Beautiful. Thanks for the link. I wish there were some higher res ones...
posted by Hartham's Hugging Robots at 7:19 AM on November 21, 2011


Thanks for posting this. And to beshtya for the links. I'm in the process of setting up a darkroom with the aim of playing with chemistry and alternate processing techniques and this thread is most inspirational.
posted by Artaud at 7:22 AM on November 21, 2011


I clicked this link without context (hadn't read comments yet) and I thought the black bar was supposed to be a UFO. I'm glad that's not what the site was.
posted by cjorgensen at 9:34 AM on November 21, 2011


Reciprocity failure most often addresses under-exposure, but over-exposure has been studied as well.
posted by StickyCarpet at 10:10 AM on November 21, 2011


Sticky, RF and the Schwarzschild effect are generally considered valid for film at very long exposure times, wherein the usual inverse relationship between time and light-intensity collapses. While this also happens at the other end of the spectrum, i.e. at very high values of light-intensity and low values of exposure time, this is rare outside scientific imaging and/or lightning simulations.

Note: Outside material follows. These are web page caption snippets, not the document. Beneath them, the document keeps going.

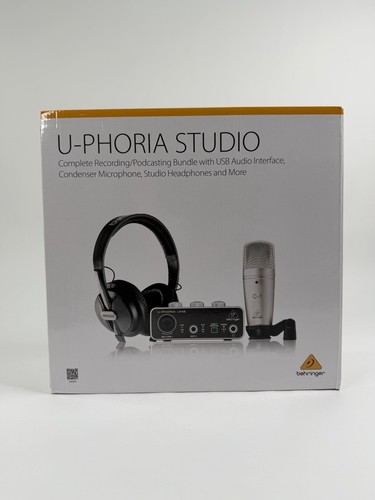Behringer phoria studio - behringer, u-phoria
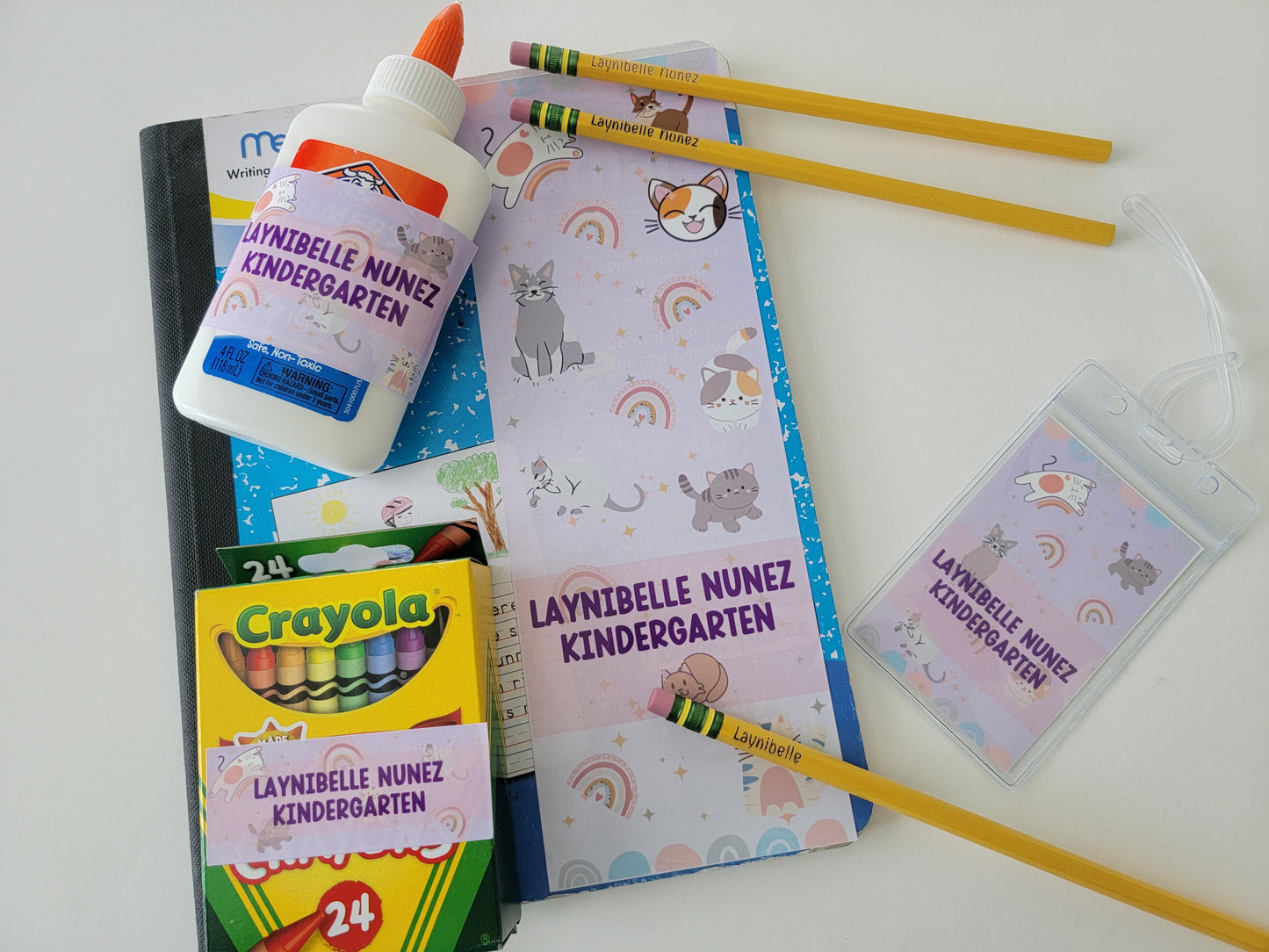 Back to School Labels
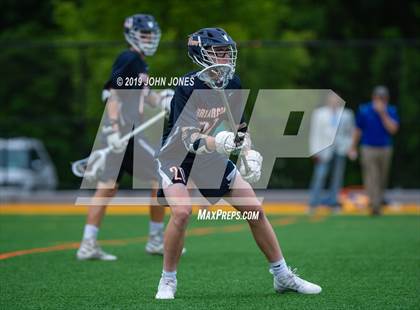 Thumbnail 2 in Briarcliff vs. Mattituck (NYSPHSAA Class D Semifinal) photogallery.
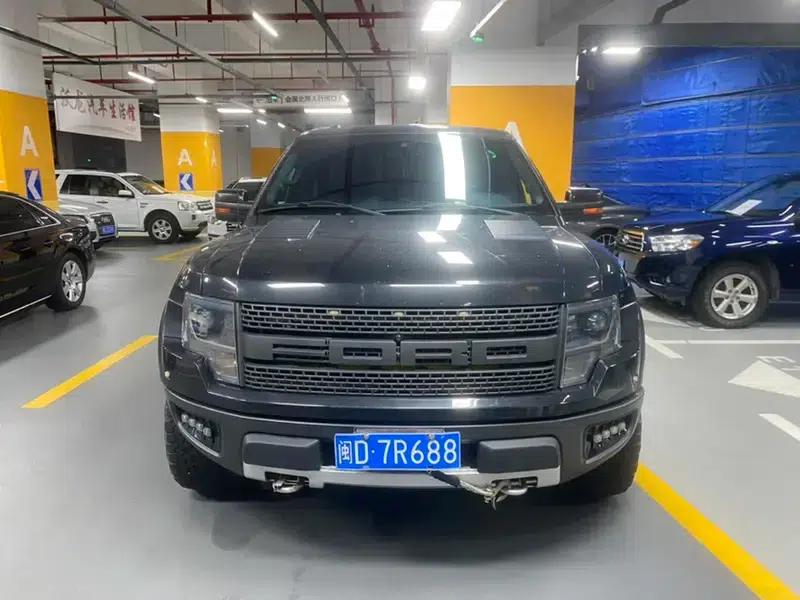 2014 Ford F-150 Raptor 6.2L US Version — миниатюра 2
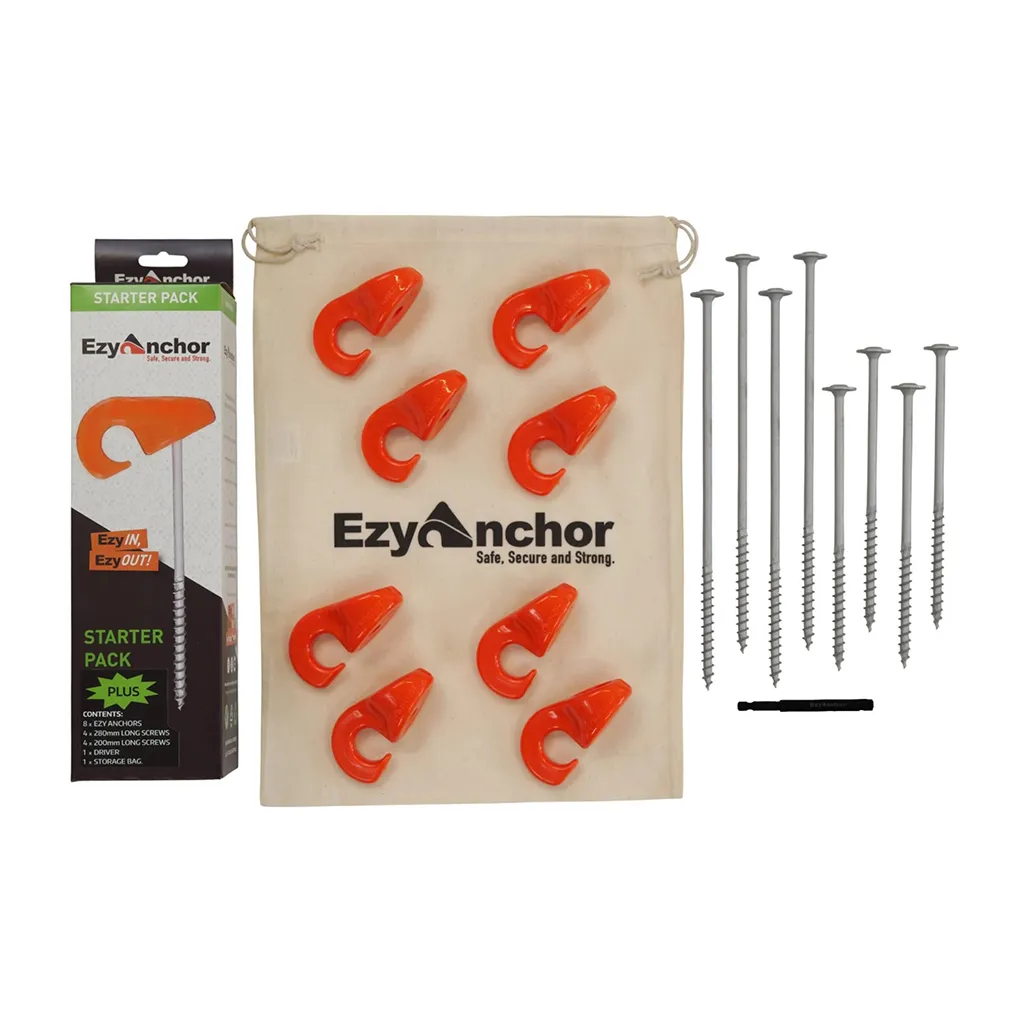 EzyAnchor Starter Pack PLUS - AN-0003 - Bundle Item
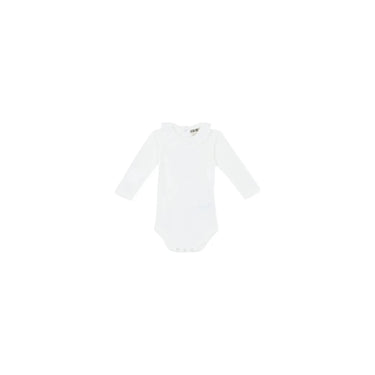 Bonton Ruffle Collar Body - Off-white - Gemini Atelier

Now you may consider paper as a kind of slow film, say something between 2 to 10 ASA [1]. However, I would not apply reciprocity failure to black and white paper (which I suspect Schink is using) for an hour-long exposure.

For modern empirical analyses and rules-of-thumb for RF, see the Krohn-Halm catenary model, which may be calibrated for each film, or the so called Bond-Gainer model, derived from Howard Bond and "Gadget" Gainer's calculations.

In my personal experiments I have found significant deviations from Howard Bond's model, and I find Gainer's model a better fit.

1. Note that there have also been films produced (by Polaroid, e.g.) at the two extremes values of 2 ASA and 20,000 ASA. How RF affects these is beyond me.
posted by beshtya at 10:30 AM on November 21, 2011


Chris McCaw and Harlan Erskine have also explored the intentional use of solarization to take "black sun" photos.

...And to me, the differences in their artistic approaches is fascinating. For example: Schink, in at least one case, has used a fairly precise analytical method to pre-plan the location of the sun relative to objects in the foreground. Whereas McCaw, in at least one case, has allowed his camera lens to act like a magnifying glass, literally burning the emulsion of the photo paper.
posted by arm's-length at 1:10 PM on November 21, 2011


Oops! I should've said that Schink often uses precise analytical methods.